LONDON/HONG KONG (Reuters) - Prudential plans to float a minority stake in its U.S. business, Britain’s largest insurer said on Wednesday, as it faces demands from rebel investor Third Point for a full break-up.
The U.S. hedge fund last month said it had bought around 5% of the company and called on Prudential to hive off its U.S. business Jackson and cut its London head office, proposals with which investors have sympathy.
Prudential’s main businesses are in Asia and the United States after it spun off its British unit last year.
Prudential was planning a minority initial public offering (IPO) of Jackson, CEO Mike Wells - who formerly served as the boss of Jackson - said as the company reported a 20% rise in 2019 operating profit.
“In order to diversify at pace, Jackson will need access to additional investment,” he said on a media call, adding that he had first signaled the need for outside capital for Jackson in August and that the company had “undertaken significant work with our advisers to prep the U.S. business”.
Goldman Sachs and Citi are advisers to Prudential, according to its website, while Rothschild is also advising the firm, a source familiar with the matter told Reuters.

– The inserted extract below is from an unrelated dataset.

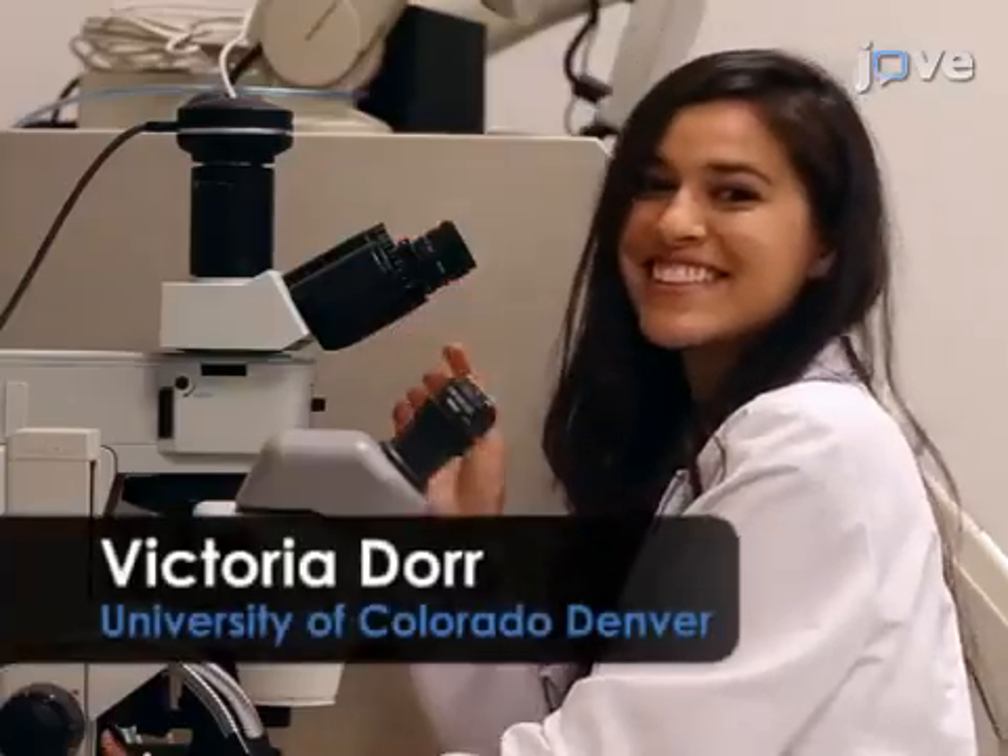Generally, individuals new to liquid crystalline elastomers will struggle because of the difficulty of the synthesis. Demonstrating this procedure will be undergraduate students Victoria Doerr and Michael Bollinger.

A Third Point spokesman declined to comment on the IPO plan.
Panmure analyst Barrie Cornes said the plan was “positive as it will enable a realistic valuation of the US business”, reiterating his buy rating on the stock.
Analysts say Jackson is hard to value because of its complex annuity products. JPMorgan last month estimated its value at $6-10 billion.
Jackson saw a 28% drop in 2019 new business profit, which Prudential said reflected lower interest rates and changes in its product mix.
Wells defended the firm’s London headquarters, telling reporters on the conference call it was the logical place to be, given the depth of talent in financial services in the city.
Third Point has also criticized Prudential for prioritizing dividend growth over reinvestment, but Wells said the company’s dividend policy was “appropriate”.
Prudential reported an overall above-forecast 20% rise in 2019 adjusted operating profit to $5.3 billion, compared with a $5.1 billion forecast in a company-supplied analyst poll.
Adjusted operating profit from Asian insurance operations was $3 billion, up by 14%, with Hong Kong up by 24%.
But fewer visitors from mainland China caused a fall in total Hong Kong annual premium equivalent sales - a key revenue measure - by 11% and a fall in new business profit of 12%.
Anti-government demonstrations in the Chinese-ruled territory, which began in June, resulted in a sharp drop in tourist arrivals, mainly those from the mainland, hitting sales of insurance policies.
Prudential also said it was monitoring the coronavirus outbreak, which has cut economic activity in the region.
Wells said there had been few coronavirus-related claims in Asia so far and the firm’s exposure to the outbreak had been “minimal”.
Prudential said it would pay a second interim ordinary dividend of 25.97 cents per share.
Its shares were steady at 10.98 pounds per share at 1024 GMT, compared with a 0.4% rise in the FTSE 100.